The sheer scale of the agency's ambition is reflected in the titles of its two principal components: Mastering the Internet and Global Telecoms Exploitation, aimed at scooping up as much online and telephone traffic as possible. This is all being carried out without any form of public acknowledgement or debate.” Guardian 22/6/13
The implications of what is going on are just starting to sink in. The enormity of the process and the implications for business and personal communication are beginning to be appreciated by business and professional bodies. Ross Anderson, Professor of Security Engineering at Cambridge University made several points in The Guardian yesterday. This was written prior to the publication of the latest leaks.
“Edward Snowden’s revelations are now causing something of a crisis in the IT industry as its international customers start thinking through the implications. In the past week I've heard of big firms reconsidering plans to spend hundreds of millions on services that would have been hosted in the US, as they start to realise that US agencies might snoop on their data and use it to tip off their competitors. US service firms now fear this will harm their growth, and it's not just Microsoft and Google; many other companies such as Amazon, Salesforce and Rackspace could lose out.
....For years, BTinternet was outsourced to Yahoo. Where can I find a service that will guarantee to keep my confidential data in the UK? The information commissioner can't help: data-protection law has "safe harbour" loopholes designed to allow US service companies to pretend that they follow European Law even when their own government won't let them.....

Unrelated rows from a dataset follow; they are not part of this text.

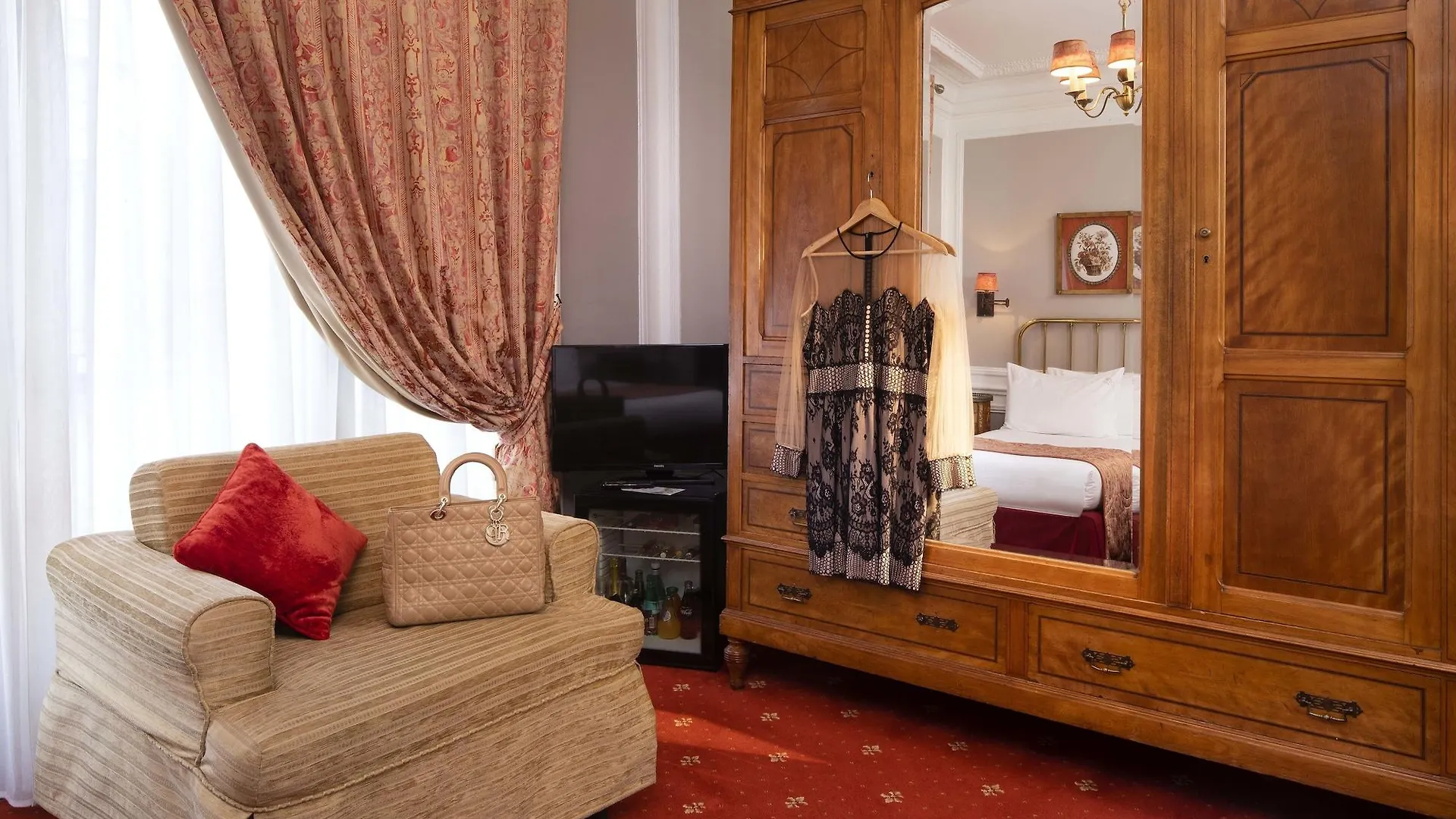 Hotel Belfast Paris 4*,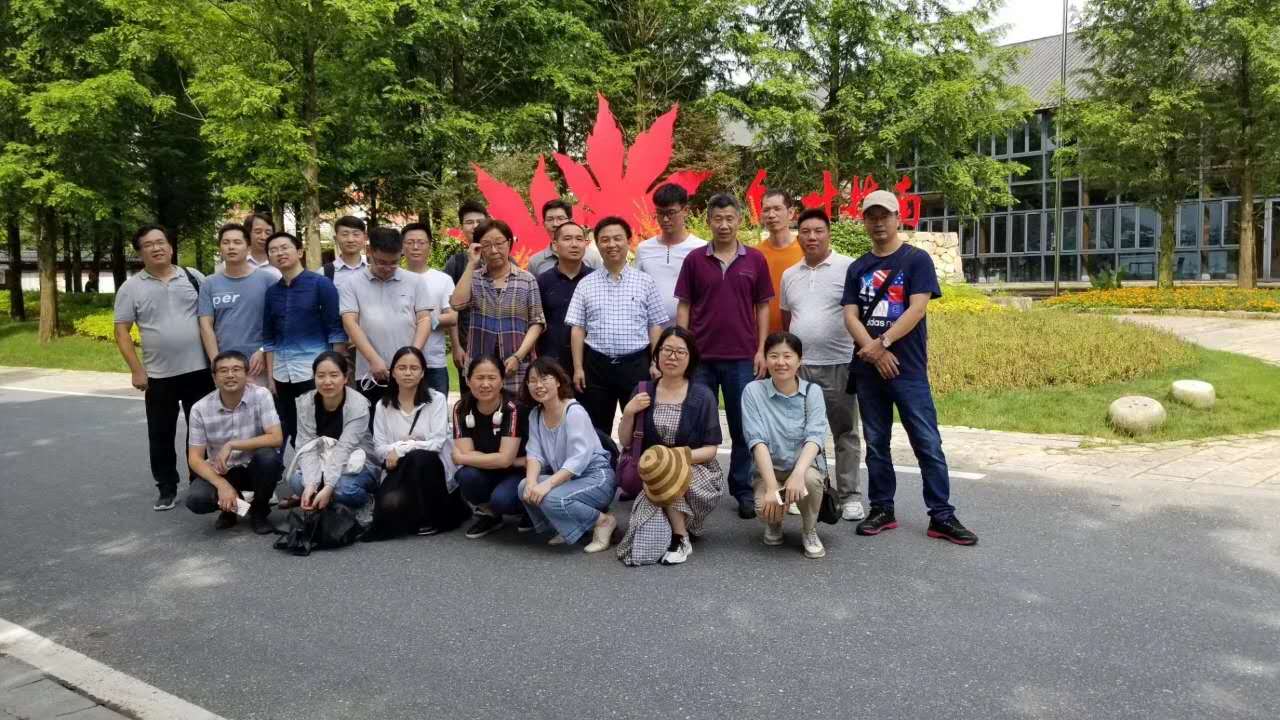 159367331444821995CD.jpg aa856780e77035d499aa96224cc6bb2.jpg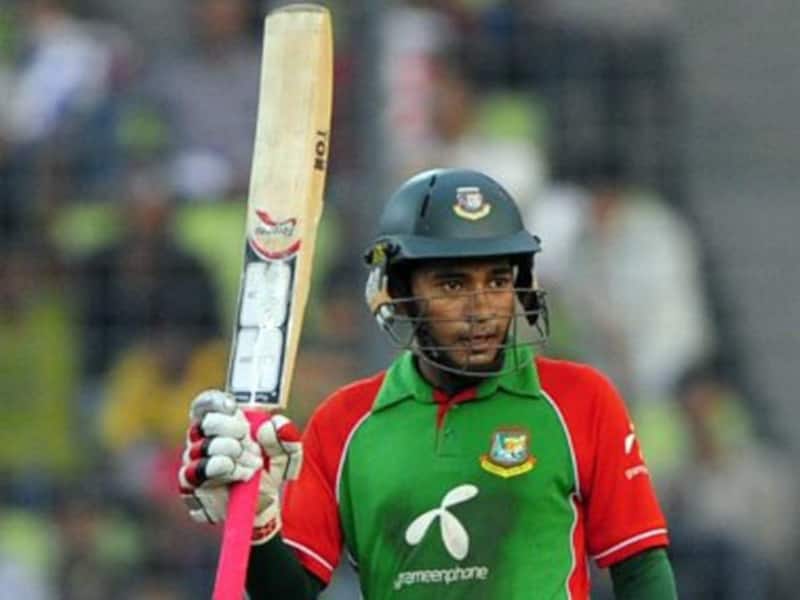 Rahim, Hossain half-centuries lift Bangladesh to 220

..many people will fear they're at risk from the US intelligence community even if they're not. Last week I heard from a Greek colleague that a friend of his in Athens was raided by a local security agency, who told him that the Americans had tipped them off after reading his Gmail. That was surely nonsense. But if you're a Greek secret policeman, and a suspect's ex has tipped you off, then blaming the NSA is the perfect cover story. The world's spies and secret policemen treasure their aura of mysterious power, and the paranoia this generates; it helps them to get information out of suspects, and money out of treasuries.
Web services are leading us to put all our eggs in one basket, and governments everywhere are grabbing for the basket. Visitors to Russia can be forced to disclose laptop passwords at customs; while even less competent governments (like Syria's) simply beat citizens' Facebook and Gmail passwords out of them. And dear Theresa May wants to revive her communications data bill to grant MI5 and the police the same access we now know GCHQ has via the NSA.
What next? It's time for the British Medical Association, Law Society, Bar Council and other professional bodies to start thinking about the ethics of using cloud-based services for confidential client information.
What next indeed? There are suspicions that there is still a lot more to come. And there are so many reasons not to trust Rocket and his corporate chums who are not so much supine as collusive.